→ Work request
The records below are to be copied exactly, with their pictures left out.

*** Opening Record extracts ***

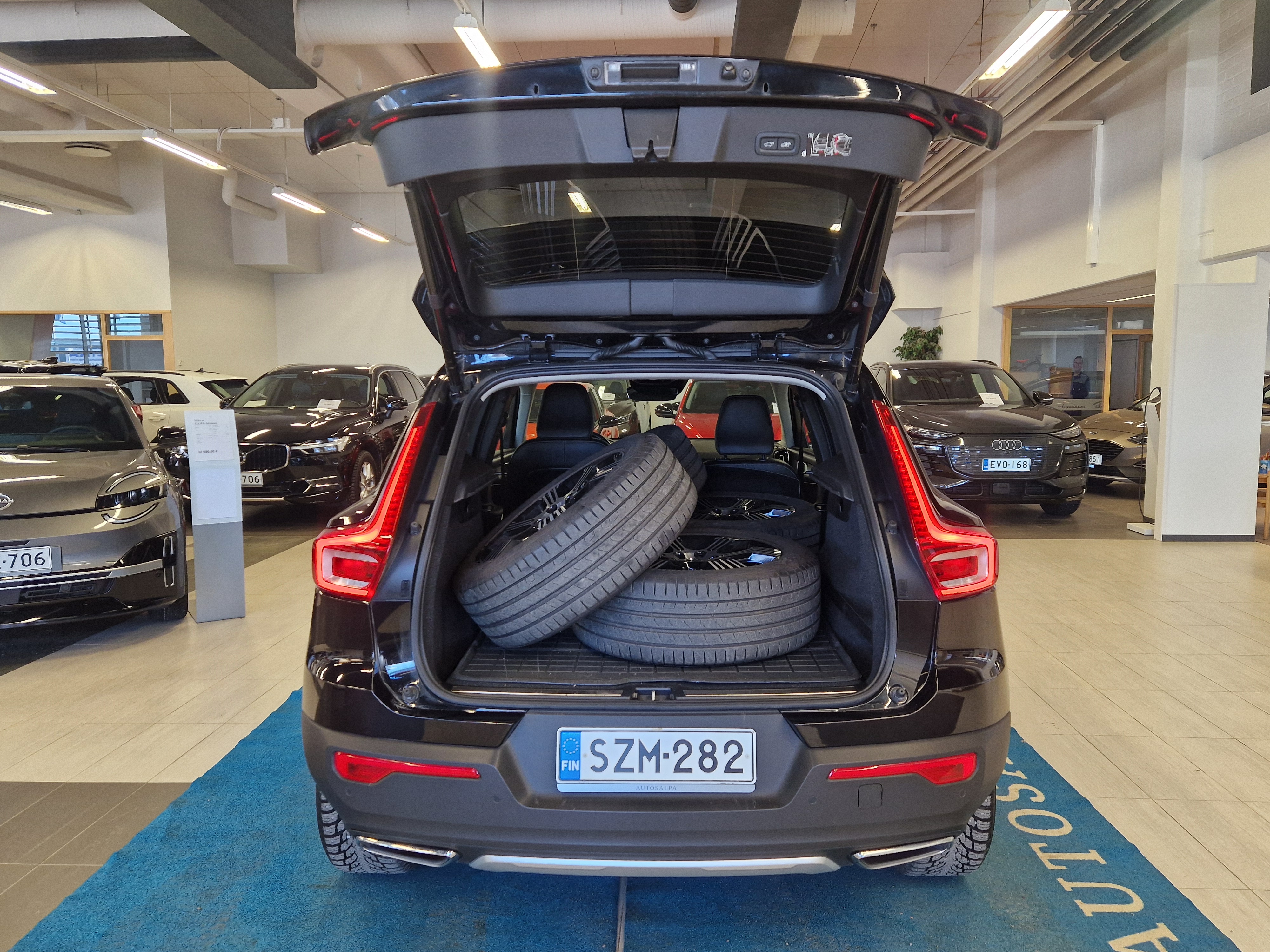 Volvo XC40 T4 AWD INSCRIPTION AUT TAKUU 24KK/40TKM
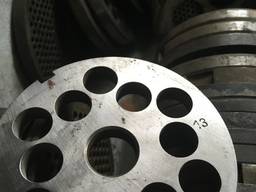 Ножи и решетки для профессиональных мясорубок (82 мм)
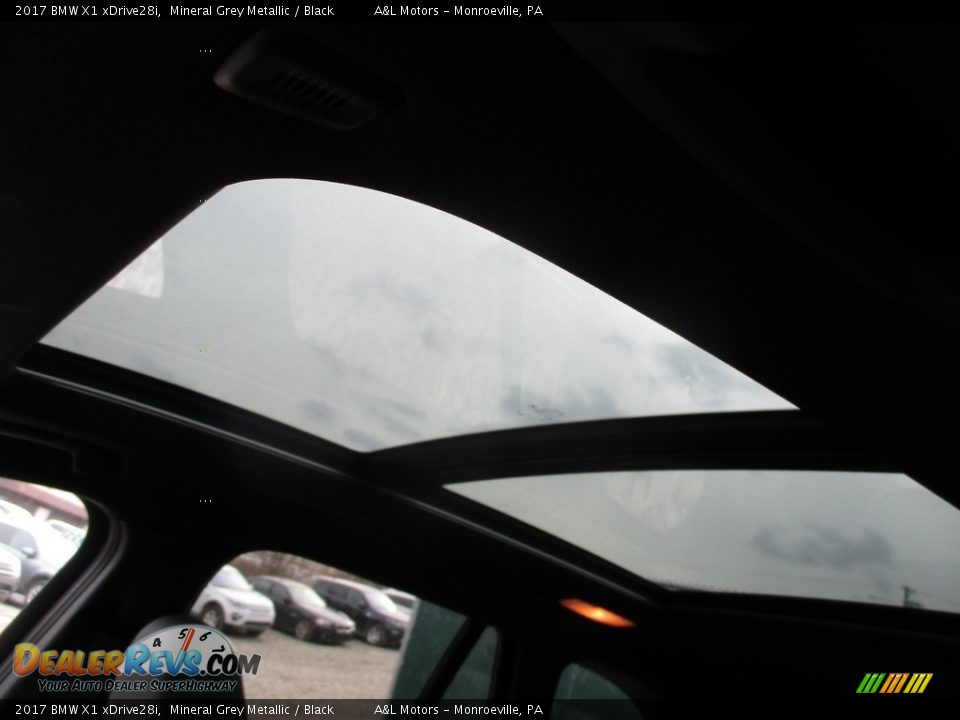 2017 BMW X1 xDrive28i Mineral Grey Metallic / Black Photo #11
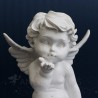 estatuilla ángel que sobresale
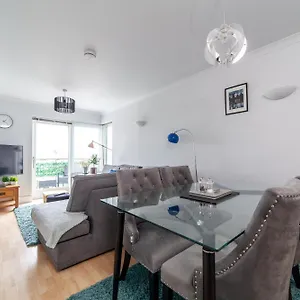  Apartment Stylish Chic Retreat: 1-bed, Near Canary Wharf United Kingdom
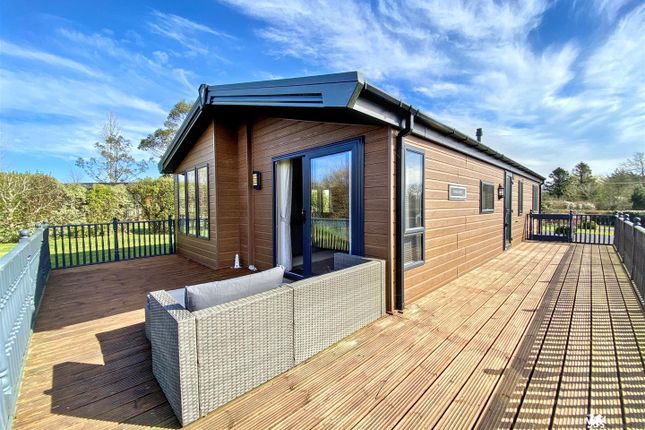 3 bed property, in Vale Holiday Park, £135,000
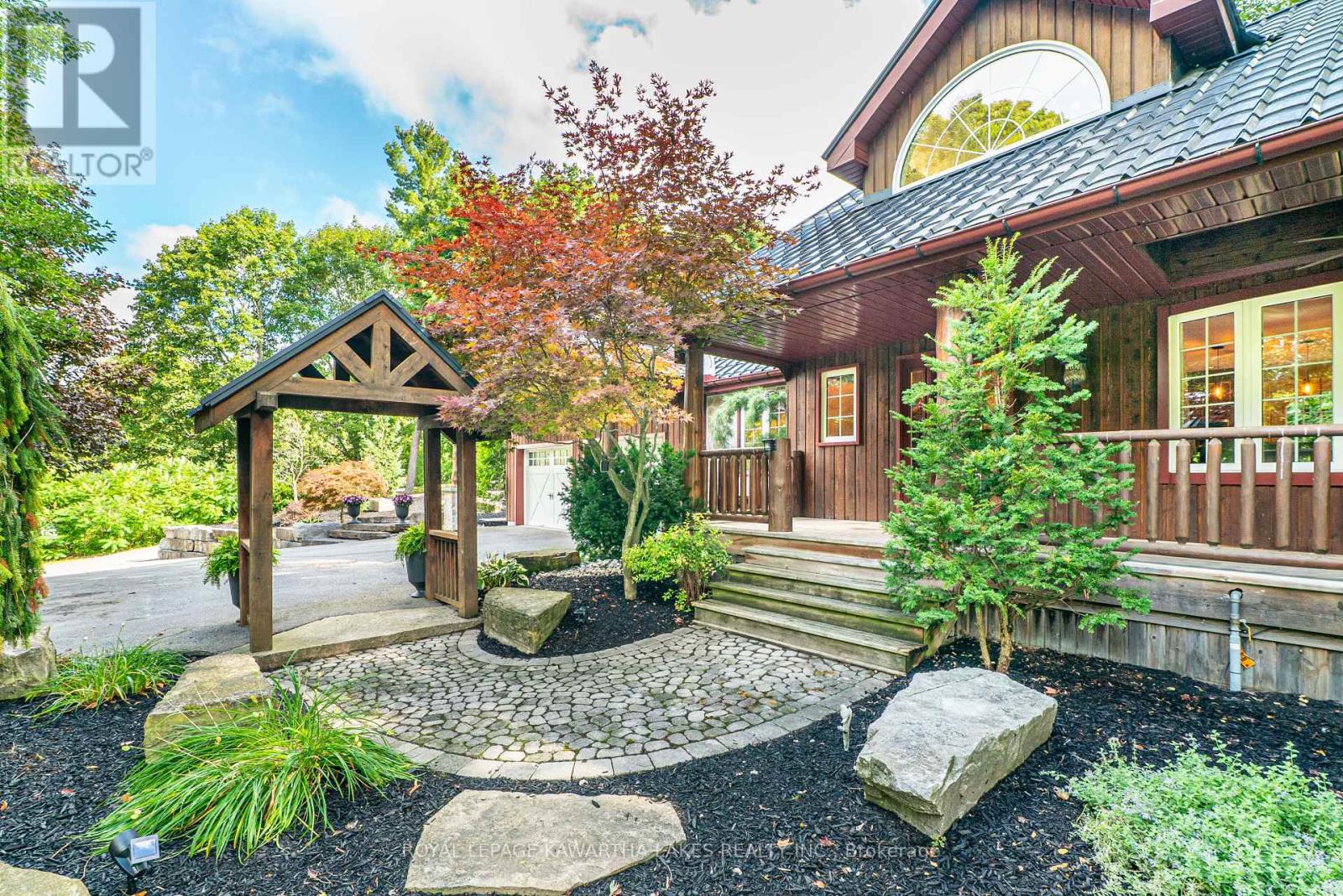 7725 LESKARD ROAD N - 10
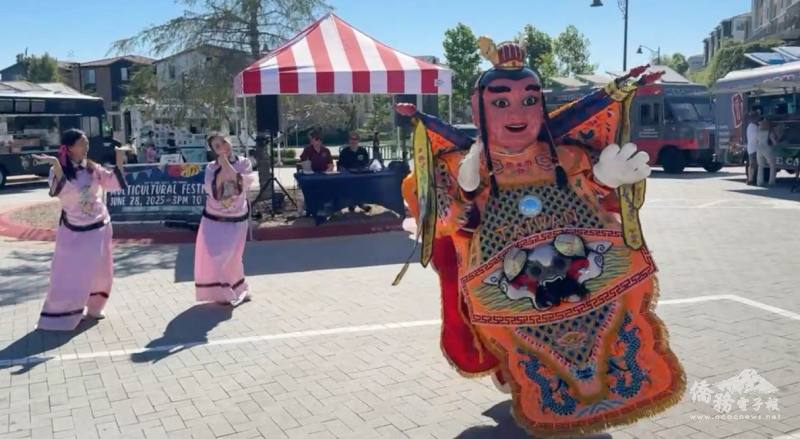 三太子出場展現臺灣廟會的熱鬧氛圍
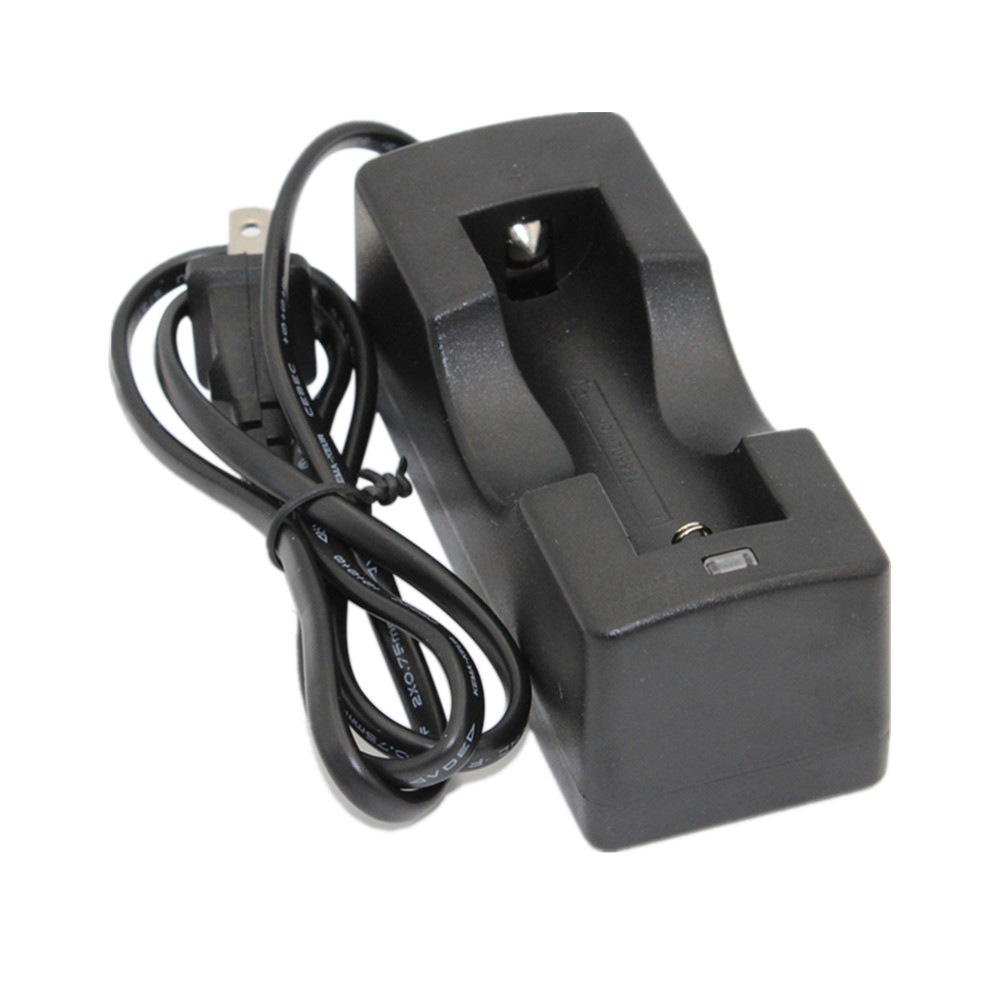 18650电池充电器 强光手电带线单充 美/欧/英/澳规厂家直销代发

*** Closing Record extracts ***

→ Answer area
 Volvo XC40 T4 AWD INSCRIPTION AUT TAKUU 24KK/40TKM
 Ножи и решетки для профессиональных мясорубок (82 мм)
 2017 BMW X1 xDrive28i Mineral Grey Metallic / Black Photo #11
 estatuilla ángel que sobresale
  Apartment Stylish Chic Retreat: 1-bed, Near Canary Wharf United Kingdom
 3 bed property, in Vale Holiday Park, £135,000
 7725 LESKARD ROAD N - 10
 三太子出場展現臺灣廟會的熱鬧氛圍
 18650电池充电器 强光手电带线单充 美/欧/英/澳规厂家直销代发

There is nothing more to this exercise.